• _What this task involves_
Pictures are to be dropped, and only the lines from the one containing "Autumn Owl. Owl" through the end of the data below are to be reproduced as written.

• _Data provided_
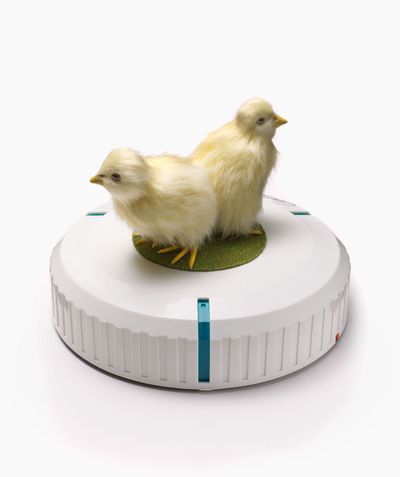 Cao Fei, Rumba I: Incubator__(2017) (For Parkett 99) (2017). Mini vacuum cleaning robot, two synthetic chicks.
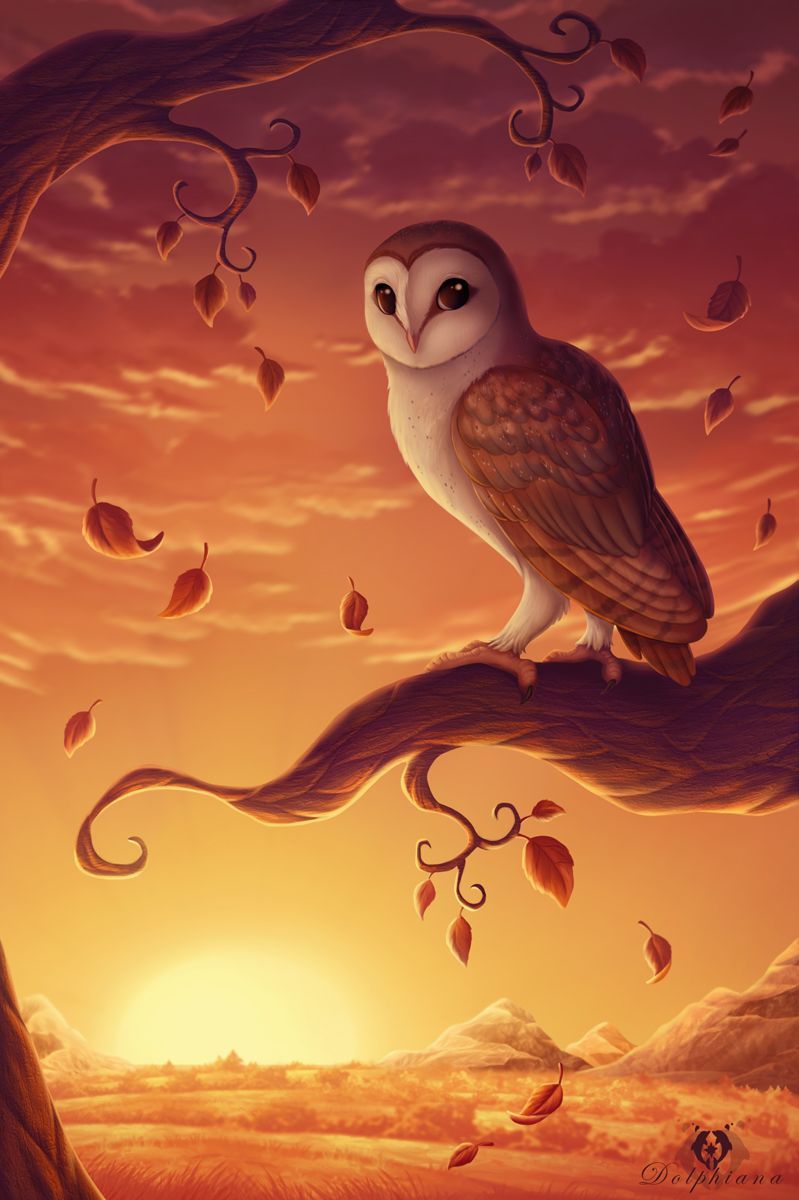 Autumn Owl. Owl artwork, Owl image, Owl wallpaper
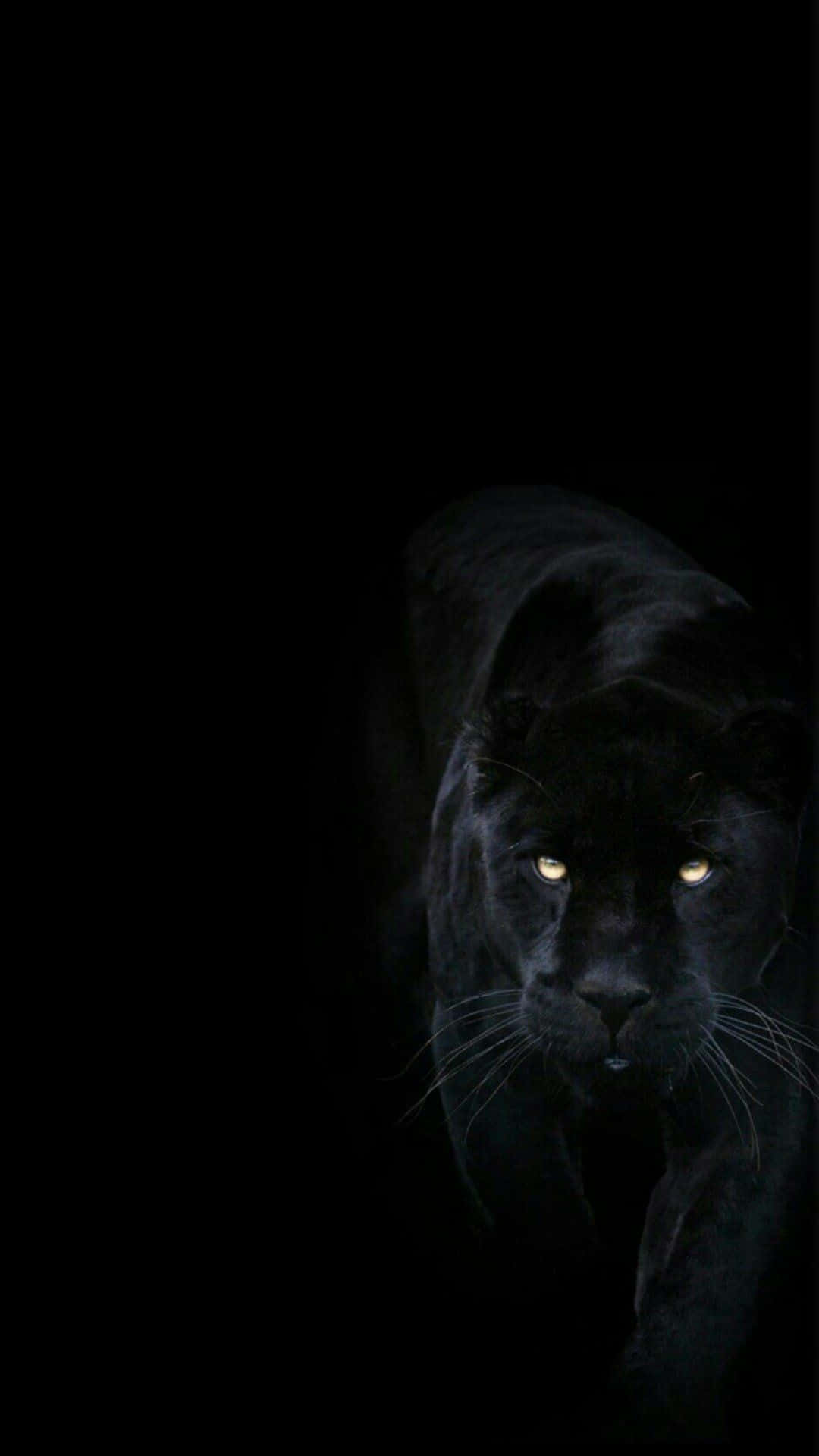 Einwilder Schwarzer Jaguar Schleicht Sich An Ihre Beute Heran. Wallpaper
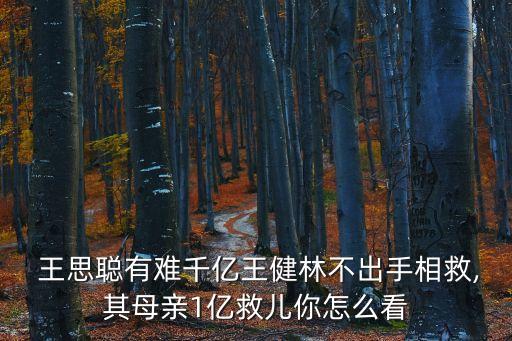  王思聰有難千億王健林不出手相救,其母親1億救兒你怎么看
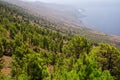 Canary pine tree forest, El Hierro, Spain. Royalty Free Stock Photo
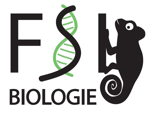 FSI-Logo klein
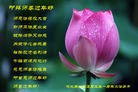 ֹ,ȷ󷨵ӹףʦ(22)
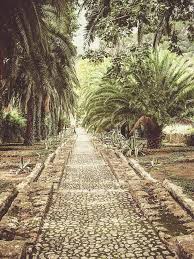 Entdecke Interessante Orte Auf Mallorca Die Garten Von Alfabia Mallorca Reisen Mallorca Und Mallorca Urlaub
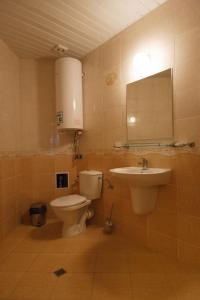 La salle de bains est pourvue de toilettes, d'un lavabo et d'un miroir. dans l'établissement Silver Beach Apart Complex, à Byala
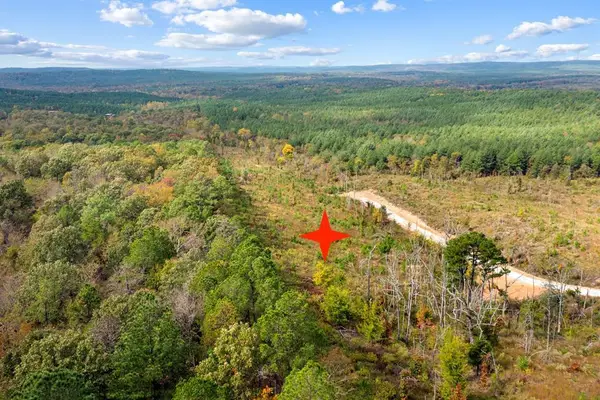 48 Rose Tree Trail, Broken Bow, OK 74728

• _Answer to this task_
 Autumn Owl. Owl artwork, Owl image, Owl wallpaper
 Einwilder Schwarzer Jaguar Schleicht Sich An Ihre Beute Heran. Wallpaper
  王思聰有難千億王健林不出手相救,其母親1億救兒你怎么看
 Canary pine tree forest, El Hierro, Spain. Royalty Free Stock Photo
 FSI-Logo klein
 ֹ,ȷ󷨵ӹףʦ(22)
 Entdecke Interessante Orte Auf Mallorca Die Garten Von Alfabia Mallorca Reisen Mallorca Und Mallorca Urlaub
 La salle de bains est pourvue de toilettes, d'un lavabo et d'un miroir. dans l'établissement Silver Beach Apart Complex, à Byala
 48 Rose Tree Trail, Broken Bow, OK 74728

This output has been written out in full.